Adelaide, whose signature dish was burnt butter reduction of whatever was the least rotten in her fridge that day, bought her beansprouts from the same place as Cheong Liew and her cheese from the place she had seen Paul Kelly shopping once (he’s from round here originally don’cher know).
But the best, the very best thing Adelaide had ever seen on her weekly visit to the Central Market, was the Young Man Choosing his Figs.
Young Man with short black hair, tight t-shirt hugging tight upper bod, looking at each of the figs very carefully.
‘They would have been perfect yesterday,’ the Young Man said to his girlfriend with a disappointed shake of his head. He did not put a single just-past-perfect fig in his basket. The Young Man’s girlfriend smiled, then nodded and she looked, Adelaide thought, at the slightly imperfect figs more than a little wistfully.
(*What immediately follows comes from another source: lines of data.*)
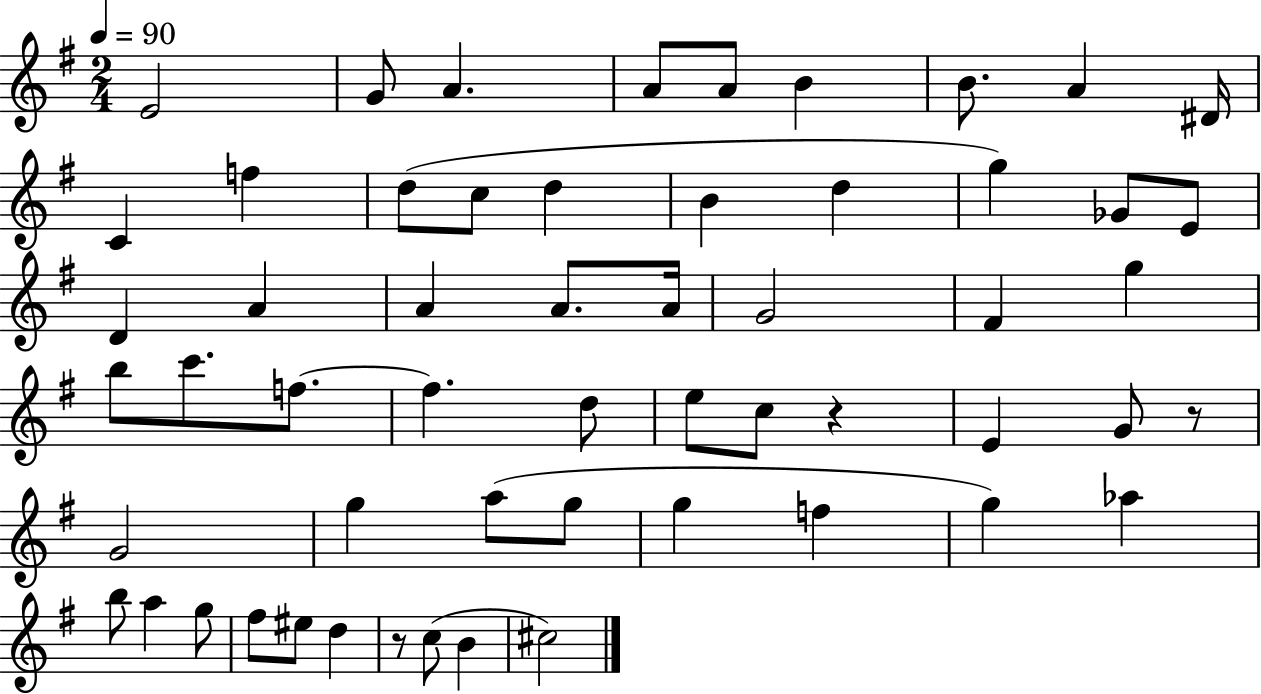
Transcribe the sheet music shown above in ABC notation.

X:1
T:Untitled
M:2/4
L:1/4
K:G
E2 G/2 A A/2 A/2 B B/2 A ^D/4 C f d/2 c/2 d B d g _G/2 E/2 D A A A/2 A/4 G2 ^F g b/2 c'/2 f/2 f d/2 e/2 c/2 z E G/2 z/2 G2 g a/2 g/2 g f g _a b/2 a g/2 ^f/2 ^e/2 d z/2 c/2 B ^c2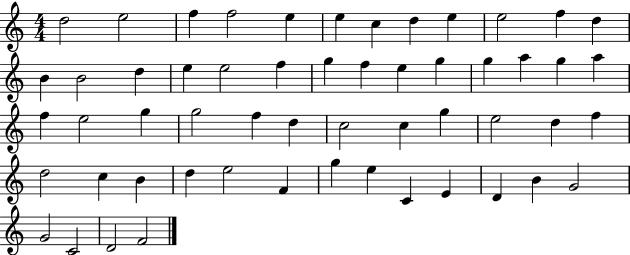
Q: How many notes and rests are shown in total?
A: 55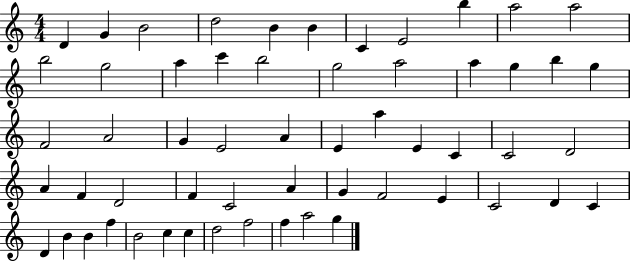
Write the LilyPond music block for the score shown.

{
  \clef treble
  \numericTimeSignature
  \time 4/4
  \key c \major
  d'4 g'4 b'2 | d''2 b'4 b'4 | c'4 e'2 b''4 | a''2 a''2 | \break b''2 g''2 | a''4 c'''4 b''2 | g''2 a''2 | a''4 g''4 b''4 g''4 | \break f'2 a'2 | g'4 e'2 a'4 | e'4 a''4 e'4 c'4 | c'2 d'2 | \break a'4 f'4 d'2 | f'4 c'2 a'4 | g'4 f'2 e'4 | c'2 d'4 c'4 | \break d'4 b'4 b'4 f''4 | b'2 c''4 c''4 | d''2 f''2 | f''4 a''2 g''4 | \break \bar "|."
}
Adelaide, watching the Dance of the Figs from behind the selection of excellent, if expensive, potatoes smiled when she caught the girlfriend’s eye.
‘If you want figs, you should take a walk around Unley,’ Adelaide said then she smiled. ‘They’re dripping over the fences. I see people picking them all the time. No one seems to mind. It’s that kind of fruit,’ Adelaide said using her knowing voice.
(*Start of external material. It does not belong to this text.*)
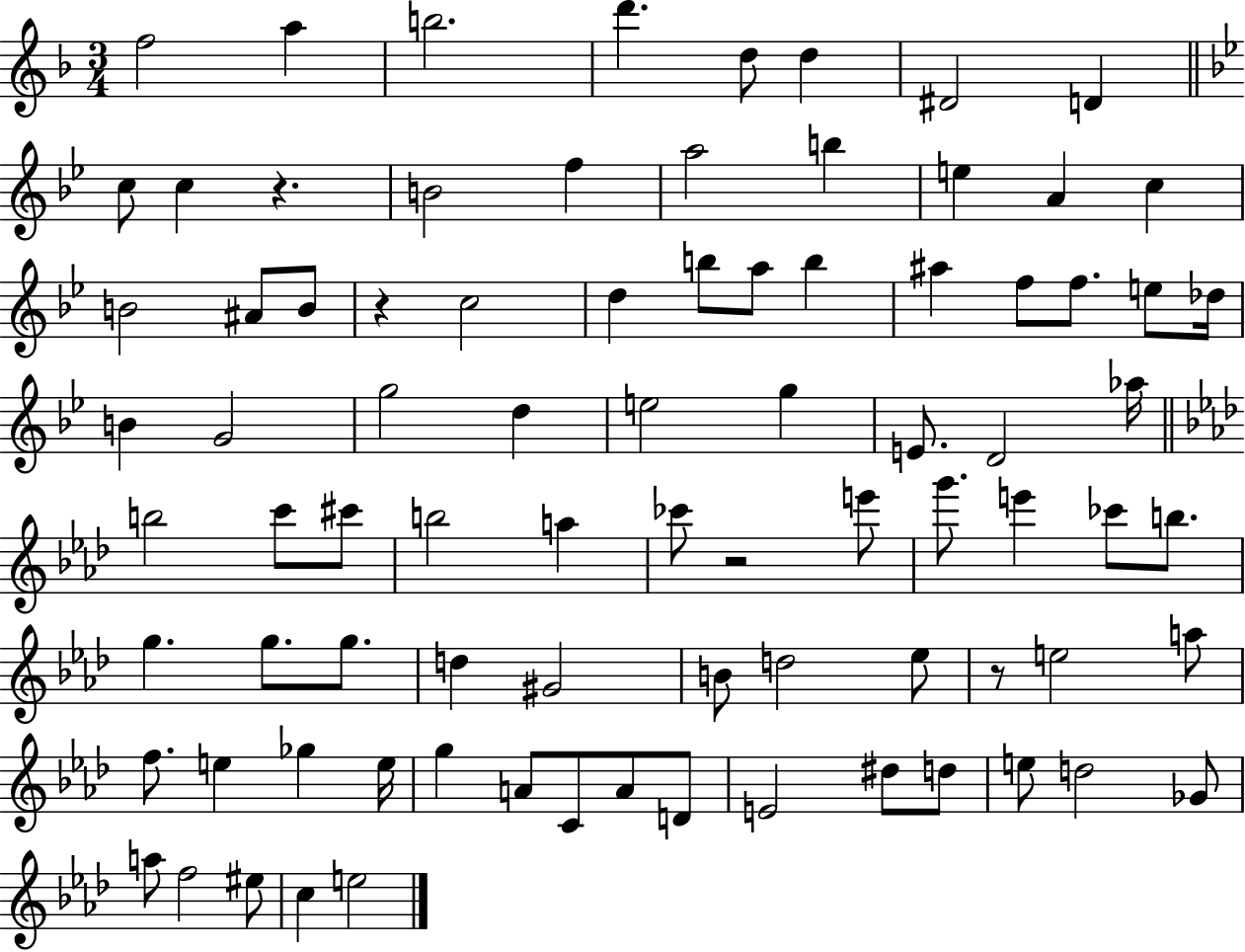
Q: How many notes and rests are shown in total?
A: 84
It wasn’t a lie. It wasn’t one of those things she just made up so that she could talk to someone she liked, but didn’t know. What Adelaide said was true. In only the last week, Adelaide had seen the english lecturer (clearly now retired) who had almost ruined poetry for her; a young girl with piercings galore; a woman filling the trolley on the back of her little boy’s trike; and one small woman dressed in black.
‘Where’s that?’ the Young Man said. ‘Where did you say they are?’
‘Oh,’ Adelaide said, not sure what to say faced with quite such intensity. ‘Oh, you know, just in some of those lovely old-fashioned gardens around Unley.’ She smiled, trying to cool the rising heat. ‘A Good Fig is…’ Adelaide started a sentence.
‘…Very Good,’ the Young Man said, smiling a young and passionate smile. Adelaide noticed his girlfriend squeeze his hand.
Adelaide fanned her face and turned back to the potatoes which, in a market context, was not rude.
The spirit of the Young Man followed Adelaide from the organic fruit and vegetable house, along the cheese counter and past the bread. She was still thinking of him as she scooped rice crackers, then loose tea leaves into bags; picked up her tofu and lime leaves from the Chinese Grocer (the one where she had last seen Cheong Liew); and selected her eggs (which at that price had bloody better be every organic, free range thing they said).
He was still vaguely with her as she picked up the avocadoes – three for a dollar, so you can’t go wrong – where she noticed the little boy in the pram wearing a gorgeous green and purple striped suit.
‘That’s a gorgeous suit,’ Adelaide said to the little boy’s mother.
‘Thank you,’ said the mother with, Adelaide thought, an unecessarily strained smile on her face.
And when she looked again, Adelaide realised that the little boy was, in fact, more than likely a little girl. And Adelaide thought that perhaps she might keep her thoughts to herself next week.
It wasn’t a lie. It wasn’t one of those things she just made up so that she could talk to someone she liked, but didn’t know.